We perform an analysis on a set of repeated scans of 26 healthy subjects acquired at approximately 2 weeks, 1 year and 2 years of age. Four of the subjects had suboptimal DTI scans at 1 year that were removed, but their scans for other time points and modalities were included. The images include T1W, T2W and DTI. We apply the unbiased atlas building framework [8] to the set of T2W images at 1 year to obtain spatial mappings between each subject through the estimated atlas. Intra-subject registration was performed by IRTK software.1 All time points of each subject are registered to this atlas via linear and nonlinear transformations, first by mapping these images to the year 1 scan and then cascading the two transformations for a mapping to the atlas. Tensor maps are calculated for each DTI scan, and are registered to the atlas using transformations obtained by registering the DTI baseline (B0) images to T2W images. T1W images were normalized using intensity value of fatty tissue between the skull and skin. For T2W, the csf region of ventricles was used for normalization. Fractional anisotropy features from the registered tensors were used for the joint analysis between DTI and structural MRI.

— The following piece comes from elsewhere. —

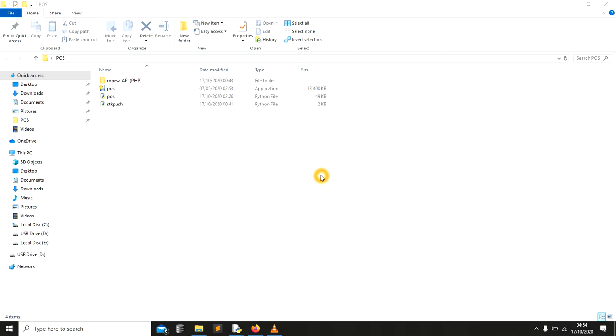I'm going to show you how you can integrate your system with the Lipa na M-Pesa API. Remember, this is one of the mobile payment methods that is widely used here in Kenya. But before we start, I want you to subscribe.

We analyze growth trajectories in white and gray matter anatomical regions, using atlases developed and disseminated by Mori et al. [9] and Harvard Center for Morphometric Analysis2. Figure 1 shows the right posterior thalamic radiation (PTR) overlaid on longitudinal T1W, T2W and FA image of one subject, along with the population and individual trajectories estimated using our multivariate nonlinear mixed effect model. PTR includes optic radiation and it is one of the white matter tracts that matures early [10]. There is a rapid change in T1W and T2W in the first year followed by slower maturation during second year.

Fig. 1.

Fig. 1

Co-registered multi-modal MRI data are shown on the left. Left to Right: Images taken at two weeks, 1 year and 2 years. Top to Bottom: T1W, T2W and FA. Posterior thalamic radiation is shown as red label on the images. Population and individual growth trajectories for this region is shown to the right. Thick curves are the average growth trajectories for normalized T1W, T2W and FA.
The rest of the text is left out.